Numbers which are not the sum of distinct squares

First, you show that you can express all numbers $129$ though something convenient as a sum of distinct squares just by making a list. I will choose $4900$ and assume that we have a list that runs that high. We do the proof by strong induction. Assume that all numbers in the range $[129,k]$ can be expressed as a sum of distinct squares, where $k \ge 4900$. We shall show that $k+1$ can be so expressed. Let $m = \lfloor \sqrt {k+1} \rfloor -1$. We can express $k+1=m^2+p$, where $p \ge 129$, so it can be expressed as a sum of distinct squares. Since $p \lt m^2$, there is no conflict with the new square, and $k+1$ can be expressed as a sum of distinct squares. You could lower the bound of the specific list below $3600$ if you think harder about what square to subtract. I chose $3600$ because the spacing of squares attains $129$ at that point.

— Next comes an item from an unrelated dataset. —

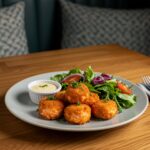 Final presentation of crispy Bang Bang salmon bites on a rustic wooden table alongside a garden salad and dipping sauce, showcasing a delightful meal.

Added: the list you make can run only through $[129,297]$. We can be lazier in the first part with more work in the second. $297$ is a risk because $297=169+128$, so the largest square you can subtract and stay larger than $129$ is $144$ and the expression for $153$ could involve $144$. In fact $144+9=153$, but you can also do $100+49+4$. Starting with $298$ you can always subtract a square that leaves at least $129$ and is greater than half the starting number, so the strong induction goes through.


I actually did this for fun when I was 17 (and it was mostly fun, though a bit of a grind). The way I did it was to realise that, for numbers 0 mod 4, I only needed to test up to 512, because anything after that could be written as 4 times the solution for the quarter of that number (for example, if 129 = 100 + 25 + 4, then 516 = 400 + 100 + 16). After that, numbers 1 mod 4 need to be tested up to 517 (take any solution that can be quadrupled and add 1), numbers 2 mod 4 need to be tested up to 526 (add 9 and 1), and numbers 3 mod 4 need to be tested up to 551 (add 25, 9 and 1). The grindy part was testing all those numbers.